Auf dem Hannoveraner Parteitag wurden die Bundestagsabgeordnete Annalena Baerbock und der schleswig-holsteinische Umweltminister Robert Habeck zu neuen Vorsitzenden der Grünen gewählt. Baerbock erreichte 64,45 Prozent, Habeck 81,3 Prozent. Die Parteilinke Anja Piel unterlag Baerbock mit knapp 35 Prozent.
Auf Habeck entfielen 636 von 782 Stimmen, es gab 107 Nein-Stimmen und 39 Enthaltungen. Baerbock erhielt 504 von 782 Stimmen. Es gab eine Nein-Stimme und fünf Enthaltungen. Die bisherigen Parteichefs Simone Peter und Cem Özdemir waren nicht mehr angetreten.

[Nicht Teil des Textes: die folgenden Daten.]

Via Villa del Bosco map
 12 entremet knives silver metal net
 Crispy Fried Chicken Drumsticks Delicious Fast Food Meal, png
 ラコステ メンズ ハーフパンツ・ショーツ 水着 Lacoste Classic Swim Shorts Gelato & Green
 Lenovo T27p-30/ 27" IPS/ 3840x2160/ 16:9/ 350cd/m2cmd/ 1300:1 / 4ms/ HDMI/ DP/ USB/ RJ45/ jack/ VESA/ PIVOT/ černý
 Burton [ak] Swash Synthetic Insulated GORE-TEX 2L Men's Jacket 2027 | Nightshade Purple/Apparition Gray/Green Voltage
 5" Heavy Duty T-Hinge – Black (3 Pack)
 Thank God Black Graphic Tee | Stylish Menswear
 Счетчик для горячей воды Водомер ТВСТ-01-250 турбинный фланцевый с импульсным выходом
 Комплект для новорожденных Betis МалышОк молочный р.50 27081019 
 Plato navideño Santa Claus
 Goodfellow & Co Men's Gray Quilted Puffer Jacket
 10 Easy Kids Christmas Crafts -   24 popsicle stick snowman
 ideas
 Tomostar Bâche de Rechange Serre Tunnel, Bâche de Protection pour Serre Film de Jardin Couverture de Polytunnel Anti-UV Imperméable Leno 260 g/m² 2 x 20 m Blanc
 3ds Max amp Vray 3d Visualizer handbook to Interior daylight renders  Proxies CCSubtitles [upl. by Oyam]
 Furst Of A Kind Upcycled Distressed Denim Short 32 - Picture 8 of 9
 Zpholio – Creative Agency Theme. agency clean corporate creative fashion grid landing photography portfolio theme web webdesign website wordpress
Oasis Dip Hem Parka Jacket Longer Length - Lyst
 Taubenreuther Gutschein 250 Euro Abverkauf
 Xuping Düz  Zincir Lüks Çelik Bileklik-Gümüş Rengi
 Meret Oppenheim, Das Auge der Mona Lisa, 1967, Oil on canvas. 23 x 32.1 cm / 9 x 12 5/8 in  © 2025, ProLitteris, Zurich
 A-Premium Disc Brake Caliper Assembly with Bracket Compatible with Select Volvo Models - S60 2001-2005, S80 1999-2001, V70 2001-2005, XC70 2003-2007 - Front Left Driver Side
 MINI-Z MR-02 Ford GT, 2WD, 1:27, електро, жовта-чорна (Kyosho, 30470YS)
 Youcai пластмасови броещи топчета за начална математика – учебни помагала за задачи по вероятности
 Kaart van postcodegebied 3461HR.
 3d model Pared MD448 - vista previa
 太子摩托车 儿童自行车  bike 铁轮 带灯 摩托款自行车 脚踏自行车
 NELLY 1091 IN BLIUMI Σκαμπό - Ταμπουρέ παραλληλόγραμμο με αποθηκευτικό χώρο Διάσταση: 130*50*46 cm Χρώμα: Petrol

Habeck sprach sich in seiner etwas kryptisch formulierten Rede unter anderem für eine härtere Besteuerung von Kapital und Vermögen aus. Er betonte zugleich, Armut könne heutzutage nicht mehr mit der "linken Politik des letzten Jahrtausends" begegnet werden.
Habeck sagte, dass die Grünen an die Regierung wollen: "Macht kommt von machen, nicht von wollen", rief er den Delegierten zu.
Habeck hatte sich um den Parteivorsitz beworben, nachdem es ihm der Parteitag am Freitagabend mit einer Satzungsänderung ermöglicht hatte, sein Kieler Regierungsamt neben dem Parteivorsitz für eine achtmonatige Übergangszeit zu behalten. Damit lockerten die Delegierten die bisherige Trennung von Partei- und Regierungsamt.
Baerbock rief ihre Partei dazu auf, sich auch vor Ort für den Kohleausstieg einzusetzen: "Wir müssen raus auf die Straße."
Baerbock attackierte die Linke-Politikern Sahra Wagenknecht und warf ihr vor, die "Internationale nur mehr national zu singen". Sie rief die Grünen auf, die EU zu verteidigen und zu verbessern und daher "Beethovens Neunte zu singen". Die EU hat einen Teil eines Satzes aus der 9. Symphonie Beethovens zur Hymne der EU erklärt.
Insgesamt bleiben beide Vorsitzende in ihren programmatischen Aussagen vage. Zwar setzte beide einen Akzent in der Flüchtlingspolitik, ließen jedoch ein klares Plädoyer gegen die globalen Kriege vermissen. Habeck sagte, dass sich auch die in Deutschland Geborenen in die Gesellschaft integrieren müssten. Baerbock sagte, dass man in Härtefällen bei Flüchtlingsnachzug keine Auswahlentscheidungen treffen könne.
Beide neuen Vorsitzenden wollen an der Gründungszeit der Grünen in den achtziger Jahren anknüpfen. Die engagierte und leidenschaftliche Anti-Kriegs-Politik, die die Grünen für viele Bürgerliche damals zu einer politischen Alternative gemacht hat, war in keiner der beiden Bewerbungsreden zu erkennen.